A man who illegally sold bald eagle and hawk feathers in Lawrence was sentenced Wednesday in federal court.
Brian K. Stoner, 33, of Ponca City, Okla., was sentenced to a year on federal probation after pleading guilty last summer to two misdemeanor counts of violating the Lacey Act, which prohibits the commercialization of illegally taken wildlife, U.S. Attorney Barry Grissom’s office announced.
Stoner admitted in his plea that in February 2009 he went to a private residence in Lawrence, where he offered and sold a bald eagle tail feather fan and a Native American dress bustle made of rough-legged hawk and ferruginous hawk feathers to an undercover Federal Wildlife Service agent. Stoner also offered to sell the agent golden eagle and crested caracara, or Mexican, eagle parts.

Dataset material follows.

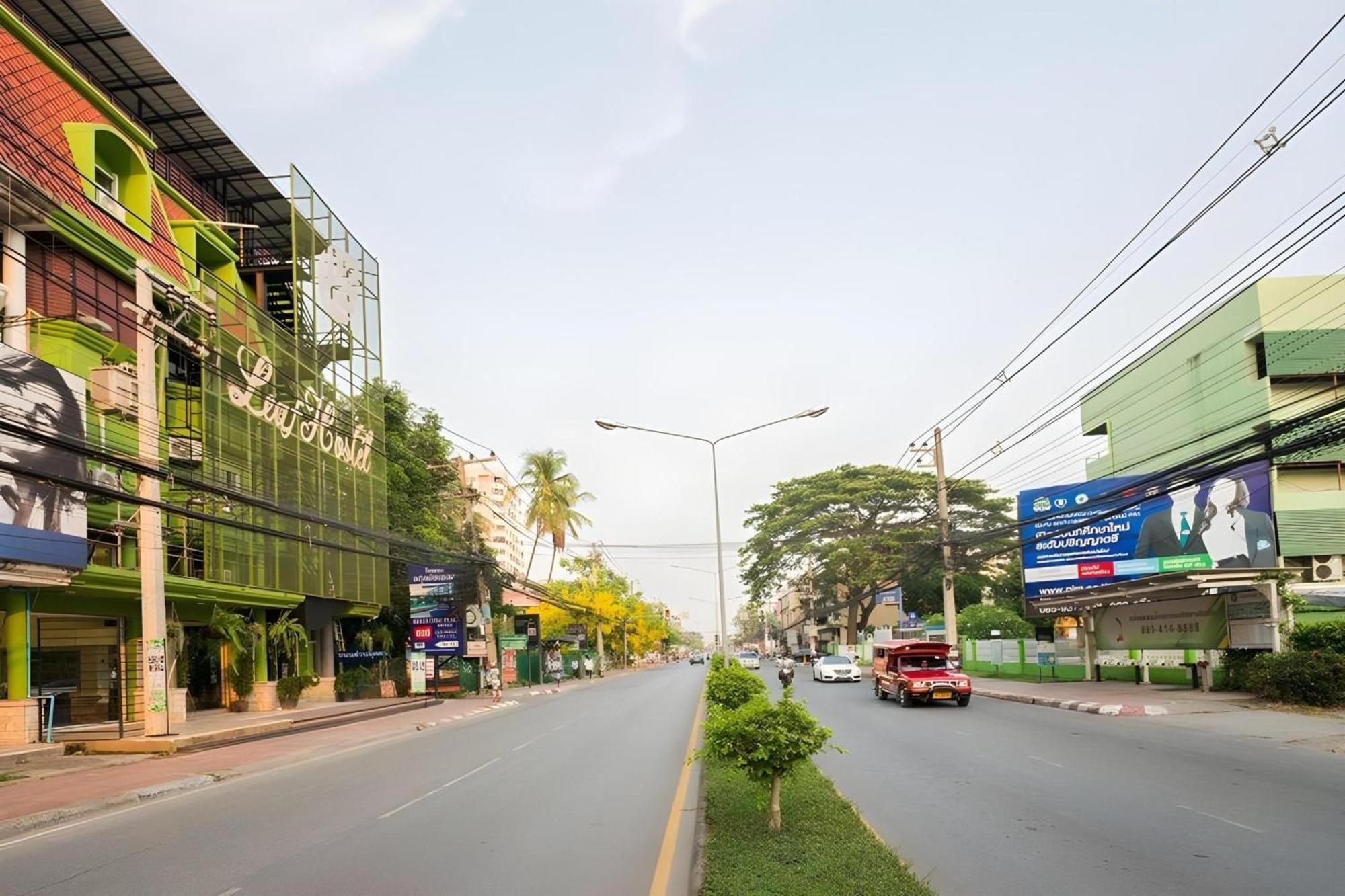 Oyo 928 Leaf Hostel Chiang Mai Esterno foto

The private residence was that of Ruben D. Littlehead, according to court documents.
Littlehead, who has since moved from Lawrence to Montana, also was charged with four counts in the case, court documents say. Littlehead, accused of offering feathers for sale twice in 2008 and in collaboration with Stoner in 2009, is scheduled to enter his plea later this month.
While Native Americans are allowed under certain circumstances to posses such feathers, commercializing them is illegal.
The feathers seized in the case will be sent to the U.S. Fish and Wildlife Service’s National Eagle Repository in Colorado, Grissom’s office said.
The repository receives bald and golden eagles that are found dead and redistributes them to qualified Native Americans for use in religious ceremonies, according to its website. The birds’ feathers and parts are in high demand — in the past there have been thousands more approved applications on file than there were available eagles.